Records for this task Block Start
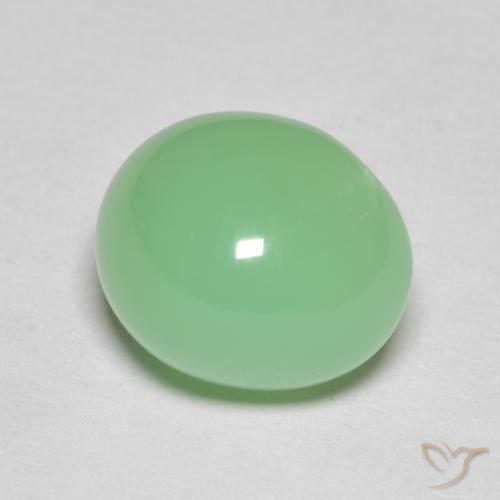 4,85 ctw natürlicher grüner Chrysopras, Oval Schliff, Lichtundurchlässig
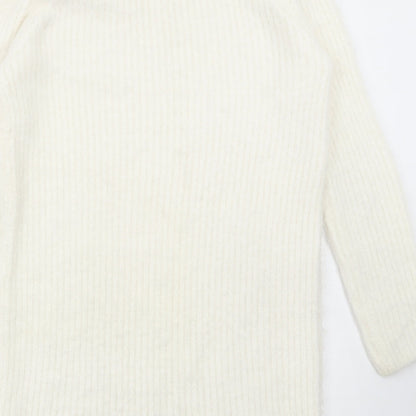 Select Womens White Boat Neck Acrylic Pullover Jumper Size 14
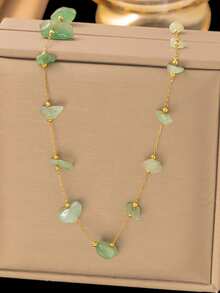 1件女士时尚不对称串珠项链，百搭且适合度假佩戴（宝石颜色和数量可能有所不同） - 石頭項鍊 - 查看 1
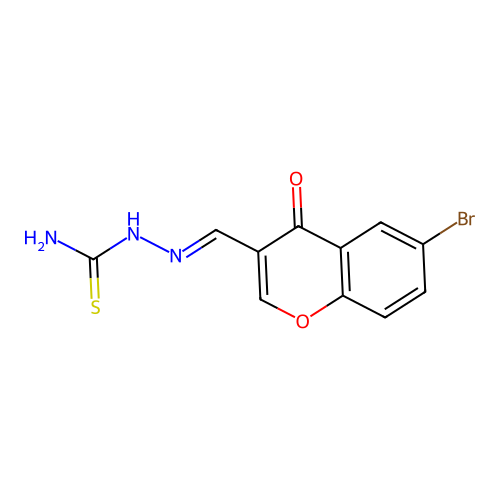 (E)-2-((6-bromo-4-oxo-4H-chromen-3-yl)methylene)hydrazinecarbothioamide structure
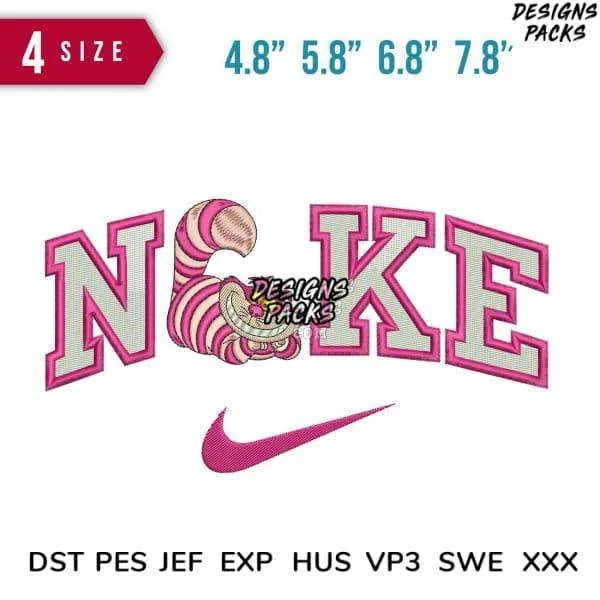 Swoosh Sport Brand Chesire Cat Cartoon Embroidery Design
Records for this task Block End
Task brief ▸
Your task is to set down every entry exactly, leaving out any picture it contains.

Result of this exercise ▸
 4,85 ctw natürlicher grüner Chrysopras, Oval Schliff, Lichtundurchlässig
 Select Womens White Boat Neck Acrylic Pullover Jumper Size 14
 1件女士时尚不对称串珠项链，百搭且适合度假佩戴（宝石颜色和数量可能有所不同） - 石頭項鍊 - 查看 1
 (E)-2-((6-bromo-4-oxo-4H-chromen-3-yl)methylene)hydrazinecarbothioamide structure
 Swoosh Sport Brand Chesire Cat Cartoon Embroidery Design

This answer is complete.